EZEE Corral (Equine - Equipment Supplies - Electric Fencing - Corral Kits)


----------



## Painted Horse (Dec 29, 2006)

Decide how big your fence needs to be. Buy a roll of wire/ribbon that is long enough to build your enlosure. Buy some step or push in post. I just use straight fiberglass rods. Buy some type of clip to mount on your rod and hod the wire. Buy yourself a battery operated charger. I use a Zabra yellow jacket but have used several others over the years.

We use a electric fence for everything from 20 x 20 enclosures next to the trailer to 1/2 mile of wire around a mountain meadow.

Here we tied two 1/4 mile spools of poly string together to make a 1/2 hot wire around the meadow with 19 horses.
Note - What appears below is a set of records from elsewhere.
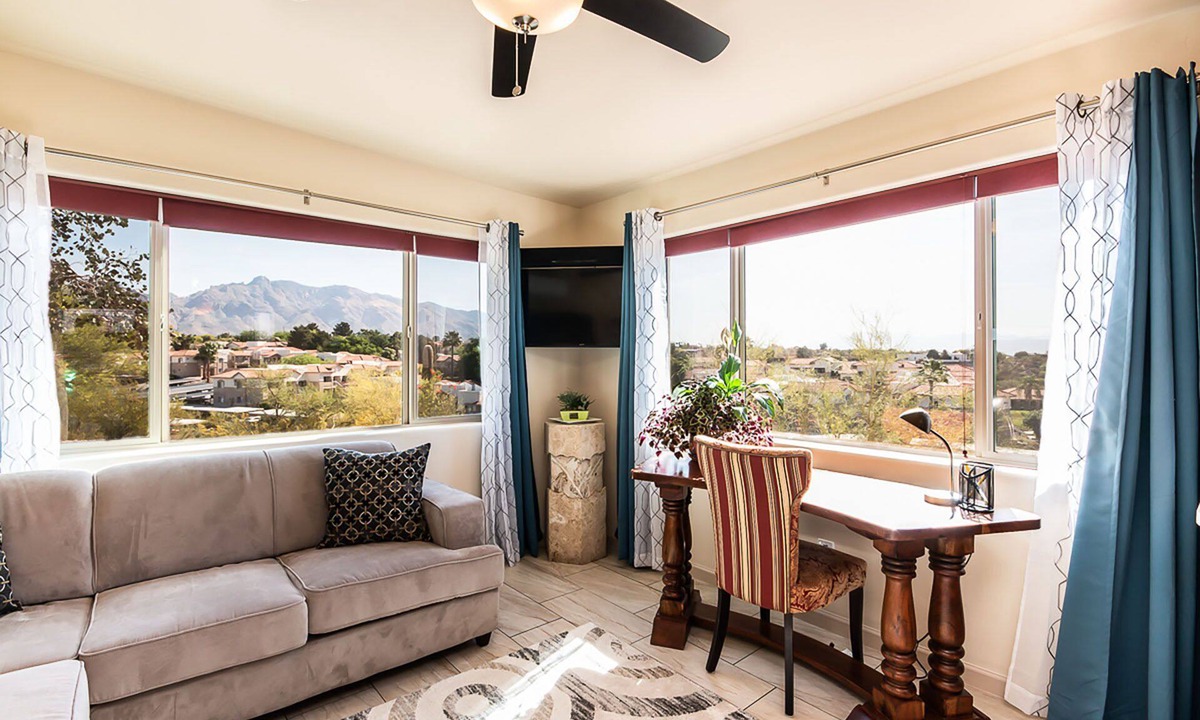 Tucson House | LE RENDEZ-VOUS CATALINA POOL APARTMENT BEAUTIFUL MOUNTAIN VIEW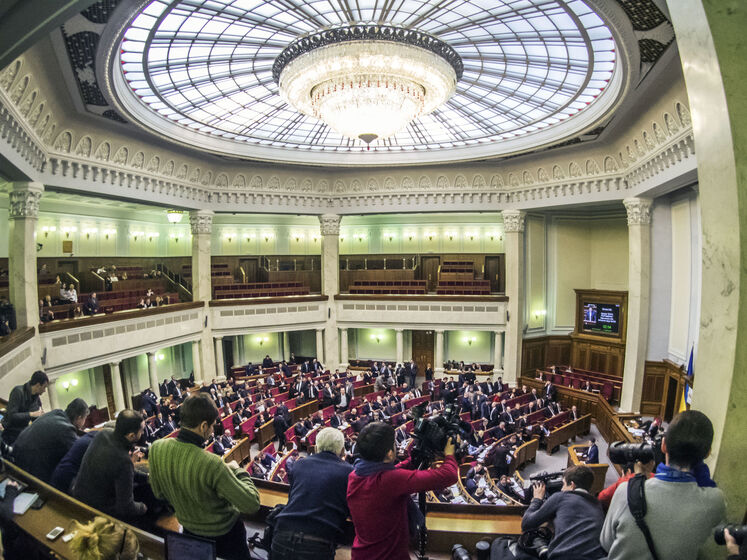 Майже половина українців підтримує проведення дострокових виборів до Ради – опитування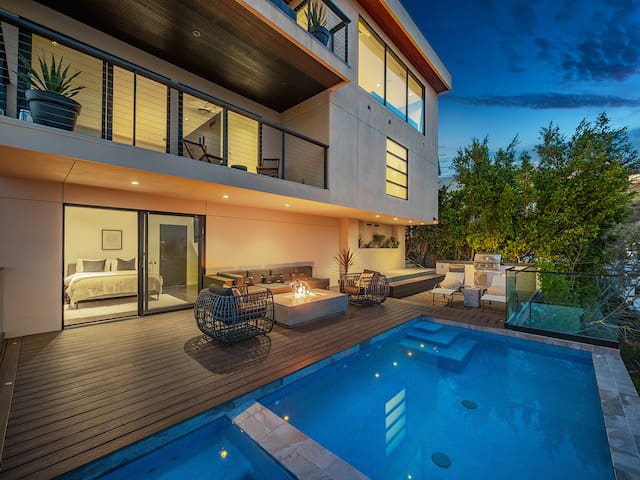 Luxury 3B-3B Heated Infinity Pool & Skyline Views! gallery image 3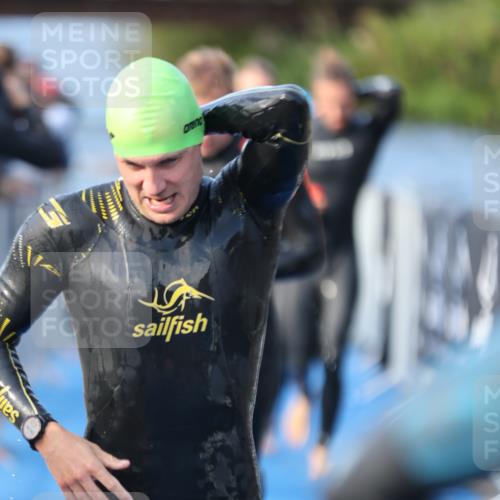 25.08.2024 - Elbe Triathlon Hamburg H.Heesch http://msf.ph/oto/6850683 25.08.2024 08:58:44 Schwimmen 203, 208, 211, 236, 241, 243, 266, 283, 294, 308, 313 meine-sportfotos.de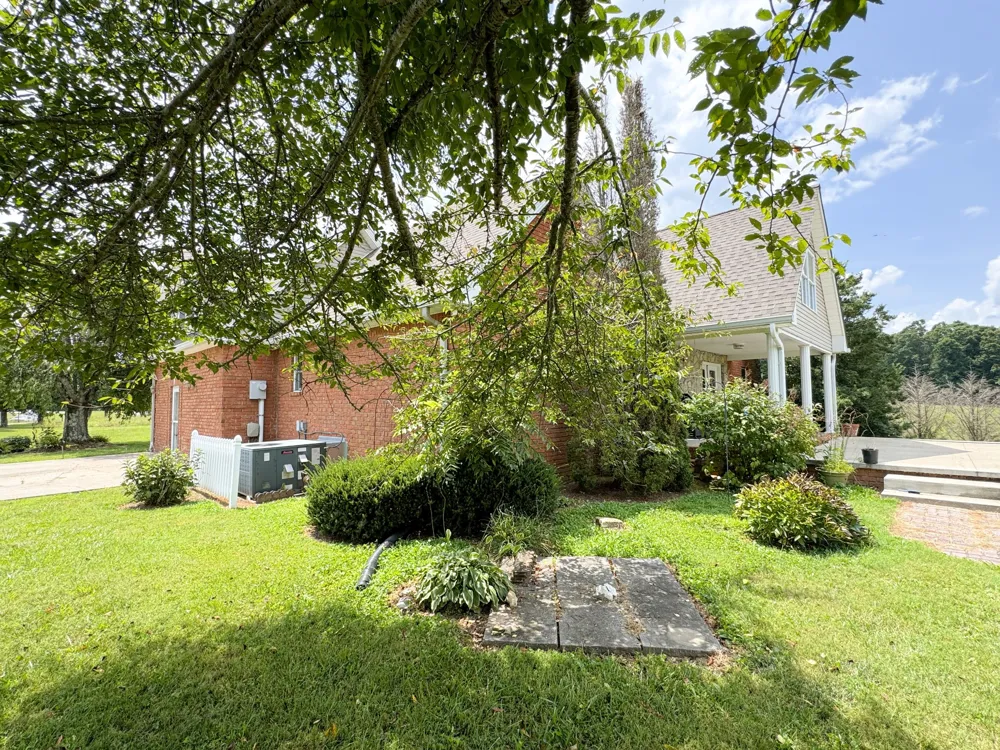 6606 Highway 52 W Lafayette, TN 37083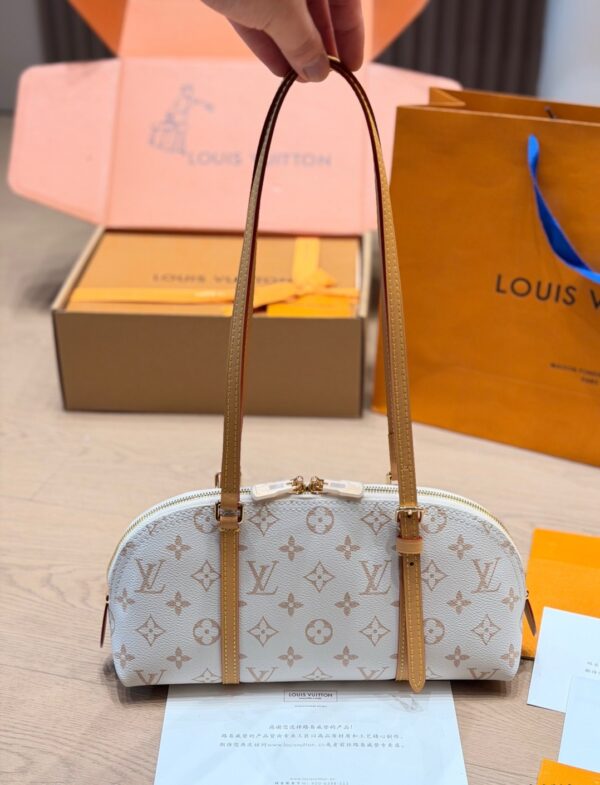 LV Pre-Fall Squire East West LV266104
Used about 40 fiberglass rods.


----------



## Kentucky (Aug 2, 2008)

I like this brand of charger personally I prefer the 110 for the job I used it for but the 6 volt will work for you, But the 12 will have a longer ranch and a more charging power.

Parmak Fence Chargers, SOLAR Fence Chargers, Parmak Solar Fencers, It looks like the 110 is no longer made.


----------



## Vidaloco (Sep 14, 2007)

Painted Horse said:


> Decide how big your fence needs to be. Buy a roll of wire/ribbon that is long enough to build your enlosure. Buy some step or push in post. I just use straight fiberglass rods. Buy some type of clip to mount on your rod and hod the wire. Buy yourself a battery operated charger. I use a Zabra yellow jacket but have used several others over the years.
> 
> We use a electric fence for everything from 20 x 20 enclosures next to the trailer to 1/2 mile of wire around a mountain meadow.
> 
> Here we tied two 1/4 mile spools of poly string together to make a 1/2 hot wire around the meadow with 19 horses. Used about 40 fiberglass rods.


I have one of those portable electric corrals that we have never used. 
I like your idea of just some rods or step in posts and ribbon. I already have all of that stuff anyway, I may try it next time with a solar charger. With just our 2 horses we always high line them. This would be handy in treeless places or those that don't allow pickets to trees.


----------



## Shawneen (Apr 22, 2009)

I use the solar chargers even at home and I love it and it has plenty of kick to it.
I'm not sure about the posts to use, as I have never seen any "temporary posts" - probably because I haven't needed any. We use the webbing, ribbon type stuff at home and I know the company that sells it recommends it for temporary use.

HORSEGUARDFENCE.com : THE electric fence for horses


----------



## Vidaloco (Sep 14, 2007)

The ones I've seen are around $2 each. I wonder if by the time you bought all the posts, the charger and the tape, you would have less or more than what comes in a kit? Hmmmmm I bought mine from a friend for around $150 a few years ago.


----------